Step 3 — Next, the dentist rinses out the acidic gel and dries the tooth again. Then they place the sealant material into the grooves of the patient’s tooth. Lastly, they cure the sealant either chemically (glass ionomer) or with a special dental light (composite resin). Both types of sealant materials come in a liquid form.
Since dental sealants are a preventive dental treatment that protects teeth from cavities and decay, some dental insurance plans cover part or all of the cost.
The cost of glass ionomer sealants without insurance is between $30 and $75 per tooth. The cost of composite resin sealants without insurance is between $30 and $75 per tooth.

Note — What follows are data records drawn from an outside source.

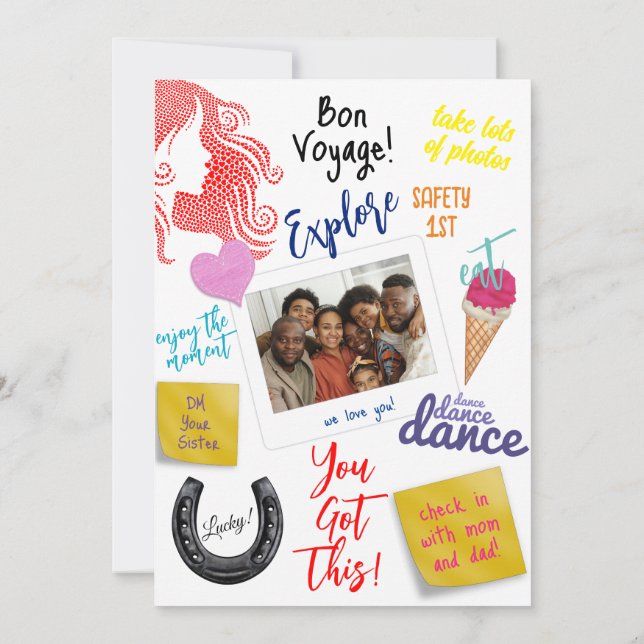 Custom Woman Silhouette in Hearts | Bon Voyage Card (Back)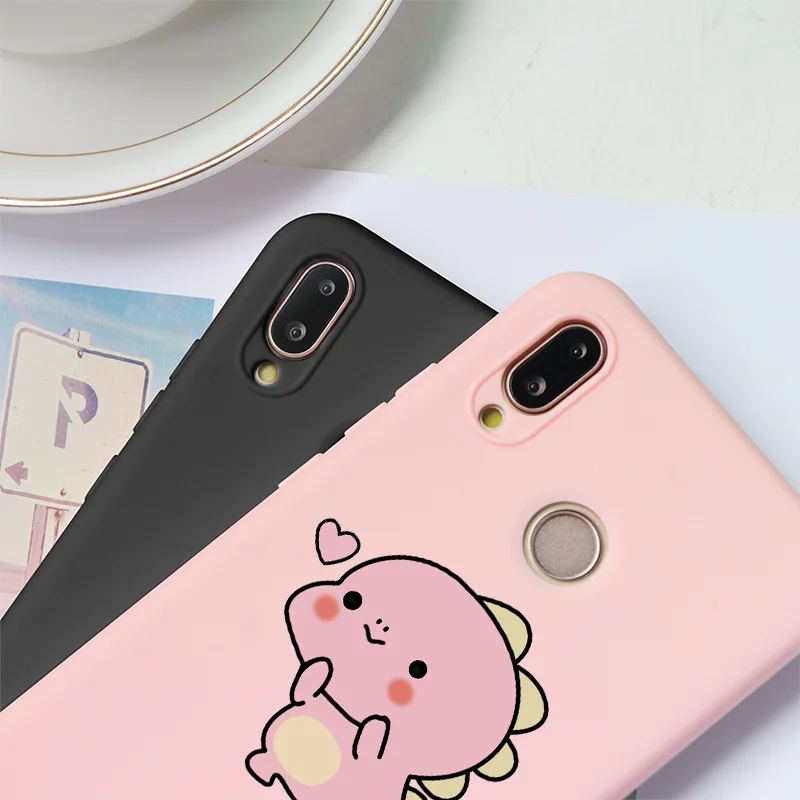 Силиконовый чехол с милым динозавром для Huawei Mate 20 Lite P8 P9 P10 P20 P30 Y6 Y7 Pro 2019 Honor Play 7A 8X 9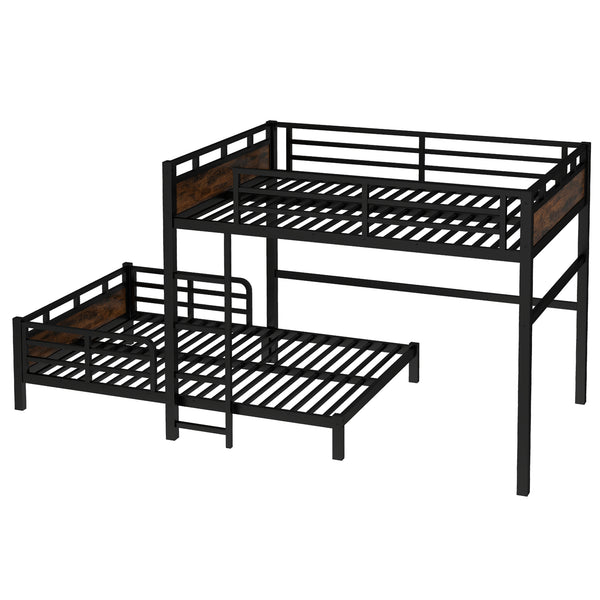English Elm Full Xl Metal Bunk Bed - Versatile Loft & Platform Configuration With Vintage Wood Accents & Safety W1580S00228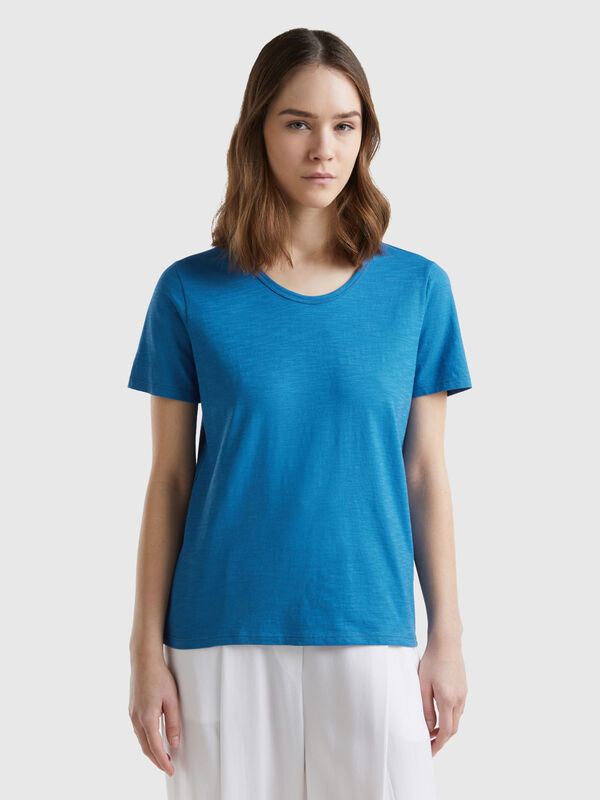 Kurzärmeliges T-Shirt aus leichter Baumwolle Damen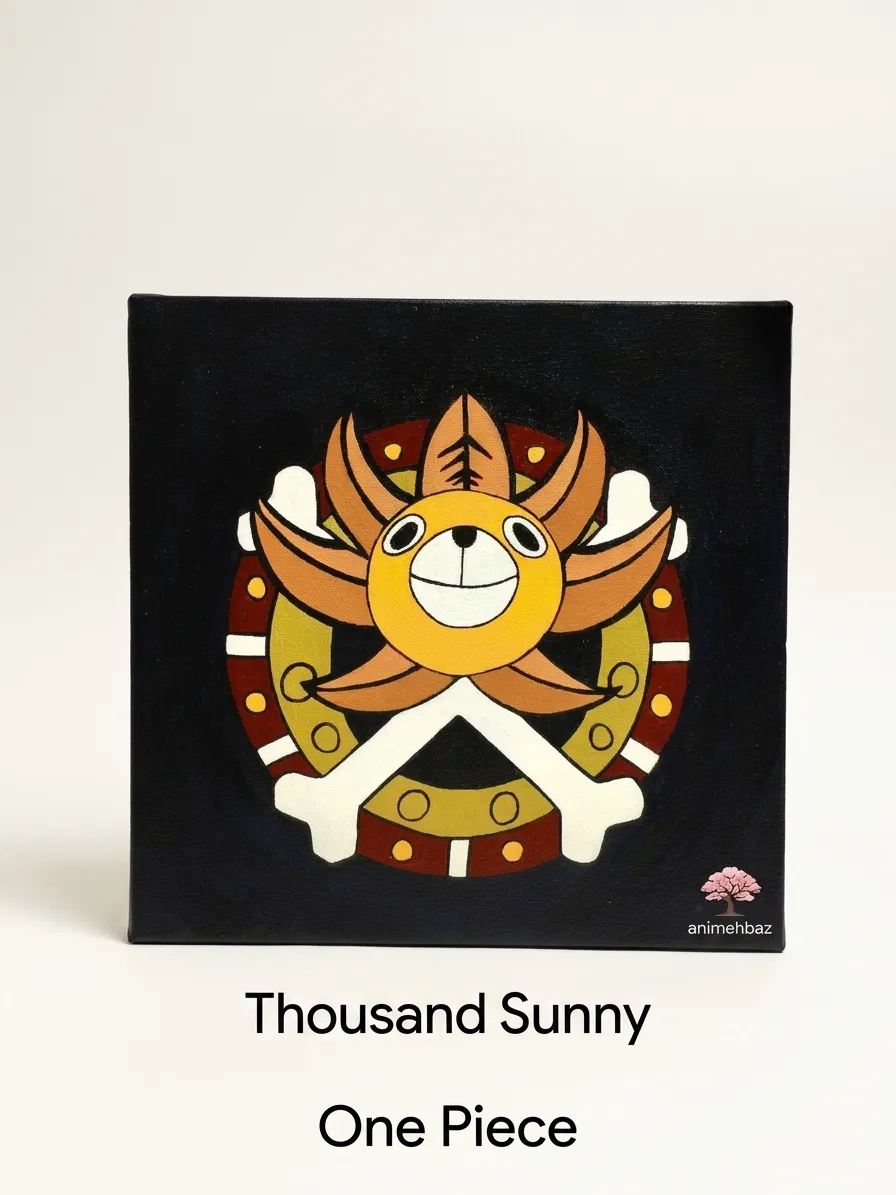 تابلو نقاشی بوم طرح پرچم هزار آفتاب (Thousand Sunny) انیمه وان پیس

Sealants are completely safe for teeth.
Many people are worried about the toxicity of sealants because they contain compounds that turn into BPA on contact with saliva.
However, the highest level of BPA reported in saliva from tooth sealants is more than 50,000 times lower than the LD50 values reported for BPA. Toxic exposure to BPA from dental materials is low and poses no current health risks.
Dental sealants can be removed for a variety of reasons, including an improperly placed or damaged sealant. Certain foods, drinks, and everyday wear can also damage a sealant. If this occurs, you will need to get the sealant removed and replaced.
With proper care, dental sealants can last up to 10 years. Sealants protect against 80 percent of cavities for 2 years and will continue to protect against 50 percent of cavities for up to 4 years.
Children and teenagers most commonly get tooth sealants. However, adults are also candidates for sealants, especially if they are prone to cavities or have deep pits and fissures in their teeth.